Indiana's Senate Bill 373 would, if enacted, provide that "[t]he governing body of a school corporation may require the teaching of various theories concerning the origin of life, including creation science, within the school corporation." The bill was introduced on January 10, 2019, and referred to the Senate Committee on Education and Career Development.

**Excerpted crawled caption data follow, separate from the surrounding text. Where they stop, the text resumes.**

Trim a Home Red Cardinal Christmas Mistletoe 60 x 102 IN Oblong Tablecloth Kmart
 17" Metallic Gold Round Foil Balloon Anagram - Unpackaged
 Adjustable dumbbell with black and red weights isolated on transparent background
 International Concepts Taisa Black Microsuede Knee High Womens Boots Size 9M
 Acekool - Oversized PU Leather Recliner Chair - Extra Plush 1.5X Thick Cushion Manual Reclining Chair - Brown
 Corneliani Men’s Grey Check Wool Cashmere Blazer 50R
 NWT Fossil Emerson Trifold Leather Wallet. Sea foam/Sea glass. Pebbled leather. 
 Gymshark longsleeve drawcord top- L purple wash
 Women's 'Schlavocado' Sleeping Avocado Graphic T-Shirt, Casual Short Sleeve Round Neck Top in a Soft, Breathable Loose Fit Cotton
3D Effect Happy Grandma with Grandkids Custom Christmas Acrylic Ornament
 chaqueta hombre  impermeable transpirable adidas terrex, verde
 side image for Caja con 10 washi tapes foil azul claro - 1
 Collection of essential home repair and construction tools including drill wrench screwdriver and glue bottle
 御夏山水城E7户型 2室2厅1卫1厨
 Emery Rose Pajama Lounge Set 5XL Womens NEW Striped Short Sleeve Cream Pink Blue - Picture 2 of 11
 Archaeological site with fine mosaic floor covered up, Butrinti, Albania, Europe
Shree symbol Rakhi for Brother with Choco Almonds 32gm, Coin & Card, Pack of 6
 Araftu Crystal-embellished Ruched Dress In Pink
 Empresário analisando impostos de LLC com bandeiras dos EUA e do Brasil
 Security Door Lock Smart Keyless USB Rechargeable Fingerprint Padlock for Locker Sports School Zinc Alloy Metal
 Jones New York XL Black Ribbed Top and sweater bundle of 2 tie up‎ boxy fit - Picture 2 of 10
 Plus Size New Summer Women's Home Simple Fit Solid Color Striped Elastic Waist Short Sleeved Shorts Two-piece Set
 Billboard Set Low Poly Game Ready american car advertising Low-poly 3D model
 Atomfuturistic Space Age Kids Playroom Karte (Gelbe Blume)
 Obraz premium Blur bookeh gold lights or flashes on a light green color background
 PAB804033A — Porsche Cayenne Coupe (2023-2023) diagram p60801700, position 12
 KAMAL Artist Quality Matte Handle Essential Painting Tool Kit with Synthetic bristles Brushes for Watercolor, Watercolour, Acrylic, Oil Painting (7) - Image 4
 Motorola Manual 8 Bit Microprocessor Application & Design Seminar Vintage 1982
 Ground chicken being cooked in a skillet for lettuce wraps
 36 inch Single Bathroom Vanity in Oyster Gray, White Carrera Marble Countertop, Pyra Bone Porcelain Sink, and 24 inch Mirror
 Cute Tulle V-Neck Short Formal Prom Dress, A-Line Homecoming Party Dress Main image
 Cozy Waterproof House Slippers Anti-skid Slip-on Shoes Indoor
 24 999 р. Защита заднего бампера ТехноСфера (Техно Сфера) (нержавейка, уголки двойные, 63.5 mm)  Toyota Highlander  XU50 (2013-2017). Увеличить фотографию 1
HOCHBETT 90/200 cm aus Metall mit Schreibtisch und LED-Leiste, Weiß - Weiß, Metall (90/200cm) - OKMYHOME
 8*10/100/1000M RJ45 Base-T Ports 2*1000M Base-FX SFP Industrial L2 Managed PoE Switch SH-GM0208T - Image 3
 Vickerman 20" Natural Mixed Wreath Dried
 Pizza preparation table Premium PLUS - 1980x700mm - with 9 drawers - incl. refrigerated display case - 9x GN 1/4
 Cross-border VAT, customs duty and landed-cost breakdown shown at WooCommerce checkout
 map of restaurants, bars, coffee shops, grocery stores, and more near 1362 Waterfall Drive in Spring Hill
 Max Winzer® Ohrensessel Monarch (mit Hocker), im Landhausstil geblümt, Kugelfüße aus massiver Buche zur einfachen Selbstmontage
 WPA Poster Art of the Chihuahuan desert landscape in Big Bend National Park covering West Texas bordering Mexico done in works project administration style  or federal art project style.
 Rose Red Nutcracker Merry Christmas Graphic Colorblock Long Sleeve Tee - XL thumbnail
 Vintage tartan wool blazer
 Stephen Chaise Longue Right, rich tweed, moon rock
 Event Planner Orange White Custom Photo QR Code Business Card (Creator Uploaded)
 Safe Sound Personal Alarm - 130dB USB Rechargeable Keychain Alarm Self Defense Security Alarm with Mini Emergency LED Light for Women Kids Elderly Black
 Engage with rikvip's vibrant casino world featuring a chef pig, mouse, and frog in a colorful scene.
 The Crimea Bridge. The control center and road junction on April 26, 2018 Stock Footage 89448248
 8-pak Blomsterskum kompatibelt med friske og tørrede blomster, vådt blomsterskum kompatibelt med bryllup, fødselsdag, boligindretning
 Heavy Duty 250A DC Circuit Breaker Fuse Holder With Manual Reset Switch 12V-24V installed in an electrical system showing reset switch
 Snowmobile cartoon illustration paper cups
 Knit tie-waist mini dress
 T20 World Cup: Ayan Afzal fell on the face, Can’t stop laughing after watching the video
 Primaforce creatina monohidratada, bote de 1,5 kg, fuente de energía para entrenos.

The sponsor of the bill, Dennis Kruse (R-District 14), has a long history of sponsoring antievolution legislation. In 1999, while serving in the Indiana House of Representatives, Kruse pledged to introduce a law to remove evolution from the state's science standards, according to the South Bend Tribune (August 27, 1999). Instead, however, he introduced bills that would permit local school districts to require the teaching of creation science — House Bill 1356 in 2000 and House Bill 1323 in 2001. Both bills died in committee. In the Senate, Kruse introduced a similar bill — Senate Bill 89 in 2012 — which passed the Senate, but only after it was amended to require the inclusion of "theories from multiple religions, which may include ... Christianity, Judaism, Islam, Hinduism, Buddhism, and Scientology." SB 89 subsequently died in the House. In 2015, Kruse introduced SB 562, a version of the "academic freedom" bill, which ultimately died in committee. In 2017, Kruse cosponsored Senate Resolution 17, which echoed SB 562's language in urging the state department of education "to reinforce support of teachers who choose to teach a diverse curriculum"; the resolution passed the Senate. With SB 373, however, he returns to the language of HB 1356, HB 1323, and SB 89.
The teaching of creation science in the public schools was ruled to be unconstitutional by a federal court in McLean v. Arkansas (1982) and by the Supreme Court in Edwards v. Aguillard (1987); the legal director of the ACLU of Indiana observed, of SB 89 in 2012, that the bill is clearly unconstitutional and would invite litigation.